奈良・東大寺、京都・仁和寺、長野・善光寺、東京・浅草寺など名刹の山門には筋骨隆々の仁王が立っている。日本人はこの仏像の憤怒の表情に畏怖を感じつつ、一方で親しみを持って接してきた。私たちの心をひきつけてやまないのは、なぜだろうか。

仁王は寺のガードマン

仁王は正式には執金剛神(しゅうこんごうしん)と呼ばれる護法神(ごほうしん/仏教を守る神)だ。一般的には金剛力士ともいう。

もともとは釈迦如来(しゃかにょらい)を守る神だったが、分身して2体となったという。寺院山門の両脇に立つのは、つまり釈迦の姿をした仏像を祀(まつ)る場所=寺を守るガードマンの意味を持つ。門に立ちはだかり、番人として睨みを利かせているわけだ。

手に持っている金剛杵(こんごうしょ)で悪と戦い、雷を操るという伝説もある。腰に裳(も)という布をまとうだけで、上半身は裸、しかも筋骨隆々。腹筋は割れ、全身に力を込めているせいか血管が浮き上がっている。

①金剛杵は棒状の法具で悪と戦う武器 ②天衣は天の神が身につける衣装 ③裳とは腰から下にまとう衣服のこと (PIXTA)
①金剛杵は棒状の法具で悪と戦う武器 ②天衣は天の神が身につける衣装 ③裳とは腰から下にまとう衣服のこと (PIXTA)

口を開けた方は「阿形(あぎょう)」、閉じた方は「吽形(うんぎょう)」と呼ばれる。「阿」はサンスクリット語(古代インドの言語)の最初の音(おん)、対して「吽」は最後の音なので、「阿・吽」一対で万物の始まりと終わりをつかさどる、つまり、この世のすべてに通じる神である――といわれるが、これは「後世に後付けされた説明である」とする研究者も多い。
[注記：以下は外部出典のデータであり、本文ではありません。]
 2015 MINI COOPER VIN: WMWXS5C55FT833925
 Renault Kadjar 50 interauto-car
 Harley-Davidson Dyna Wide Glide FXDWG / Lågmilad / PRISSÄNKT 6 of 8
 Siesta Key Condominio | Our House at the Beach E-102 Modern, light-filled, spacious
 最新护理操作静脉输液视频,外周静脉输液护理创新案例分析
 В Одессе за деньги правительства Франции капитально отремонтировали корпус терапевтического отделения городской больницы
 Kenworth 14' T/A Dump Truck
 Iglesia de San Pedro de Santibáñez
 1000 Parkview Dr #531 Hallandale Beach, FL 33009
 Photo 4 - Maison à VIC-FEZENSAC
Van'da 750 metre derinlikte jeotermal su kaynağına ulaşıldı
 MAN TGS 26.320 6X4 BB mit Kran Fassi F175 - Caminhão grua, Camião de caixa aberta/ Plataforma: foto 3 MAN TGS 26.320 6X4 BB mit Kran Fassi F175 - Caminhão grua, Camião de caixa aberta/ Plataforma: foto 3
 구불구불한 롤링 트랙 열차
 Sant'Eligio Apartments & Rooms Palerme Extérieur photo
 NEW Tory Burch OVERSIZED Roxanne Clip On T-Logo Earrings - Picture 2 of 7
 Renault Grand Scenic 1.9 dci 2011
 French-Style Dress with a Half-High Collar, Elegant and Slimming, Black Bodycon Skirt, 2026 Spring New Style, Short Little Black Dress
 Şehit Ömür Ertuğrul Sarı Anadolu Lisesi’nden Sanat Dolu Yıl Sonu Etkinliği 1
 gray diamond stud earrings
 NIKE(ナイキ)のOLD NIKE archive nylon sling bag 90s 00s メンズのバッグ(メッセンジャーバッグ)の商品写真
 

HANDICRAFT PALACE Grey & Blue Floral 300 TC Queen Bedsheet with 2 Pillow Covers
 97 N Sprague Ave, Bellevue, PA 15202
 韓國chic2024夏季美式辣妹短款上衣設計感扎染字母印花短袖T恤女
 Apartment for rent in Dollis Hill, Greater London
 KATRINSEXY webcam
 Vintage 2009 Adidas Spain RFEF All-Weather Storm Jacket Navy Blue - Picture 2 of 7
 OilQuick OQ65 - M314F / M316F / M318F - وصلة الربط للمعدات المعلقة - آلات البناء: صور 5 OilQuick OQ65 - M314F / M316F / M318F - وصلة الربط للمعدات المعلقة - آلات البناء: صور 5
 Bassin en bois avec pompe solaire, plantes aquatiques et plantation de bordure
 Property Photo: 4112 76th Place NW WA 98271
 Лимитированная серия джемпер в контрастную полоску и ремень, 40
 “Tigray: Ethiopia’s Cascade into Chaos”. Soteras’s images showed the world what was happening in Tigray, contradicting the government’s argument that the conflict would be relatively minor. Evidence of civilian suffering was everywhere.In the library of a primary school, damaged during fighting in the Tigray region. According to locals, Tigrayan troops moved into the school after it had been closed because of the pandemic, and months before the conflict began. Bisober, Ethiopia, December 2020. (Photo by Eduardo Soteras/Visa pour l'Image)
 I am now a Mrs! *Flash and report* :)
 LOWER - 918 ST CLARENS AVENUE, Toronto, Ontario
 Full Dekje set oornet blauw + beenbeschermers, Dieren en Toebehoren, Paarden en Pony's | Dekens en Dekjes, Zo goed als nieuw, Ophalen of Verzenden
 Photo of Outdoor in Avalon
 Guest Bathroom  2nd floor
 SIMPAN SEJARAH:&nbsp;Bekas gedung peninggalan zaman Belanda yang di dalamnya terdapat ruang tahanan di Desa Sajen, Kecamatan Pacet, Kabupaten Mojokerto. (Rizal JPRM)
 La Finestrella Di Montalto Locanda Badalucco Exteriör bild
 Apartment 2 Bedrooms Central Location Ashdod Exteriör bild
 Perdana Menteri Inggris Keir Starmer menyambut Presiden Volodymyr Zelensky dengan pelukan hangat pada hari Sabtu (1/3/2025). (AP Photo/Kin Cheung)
右が阿形、左が吽形の配置が一般的だが、東大寺や善光寺の金剛力士像は右が吽形、左が阿形と左右逆だ。

民衆とともにあった仁王

現在の仁王像の姿が定着していくのは平安時代、制作の最盛期は鎌倉時代だったと考えられている。「力強い仁王の姿は、勃興する(鎌倉)武士団の好みに合致」し、同時に「相次ぐ戦乱に苦しめられた民衆が、救いを求めてリアルな造形の仏像を好んだ」からだという(一坂太郎『仁王』/中公新書)。

江戸時代に入ると、強じんな肉体の仁王を拝むと健康・健脚にご利益があるといわれ、庶民の信仰対象として人気を集めた。滋賀県の湖東三山百済寺の仁王門は、仁王の履き物といわれる3メートルほどの巨大な草鞋を掲げている。そもそもは50cmほどの大きさだったが、参拝客が健脚を祈願して草鞋に触るうちに次第に大きい草鞋となった。現在は10年ごとに新しく編んで奉納する。

百済寺仁王門の巨大草鞋。仁王は夜になると草鞋を脱ぎ、門の中で立ったまま休むという(PIXTA)
百済寺仁王門の巨大草鞋。仁王は夜になると草鞋を脱ぎ、門の中で立ったまま休むという(PIXTA)

また、江戸時代は麻疹(はしか)や疱瘡(ほうそう=天然痘)の流行が多くの人の命を奪った。子どもは仁王の股をくぐると軽症で済むとの言い伝えがあり、今でも、無病息災と子どもの成長を祈願する股くぐり行事が各地で開催されている。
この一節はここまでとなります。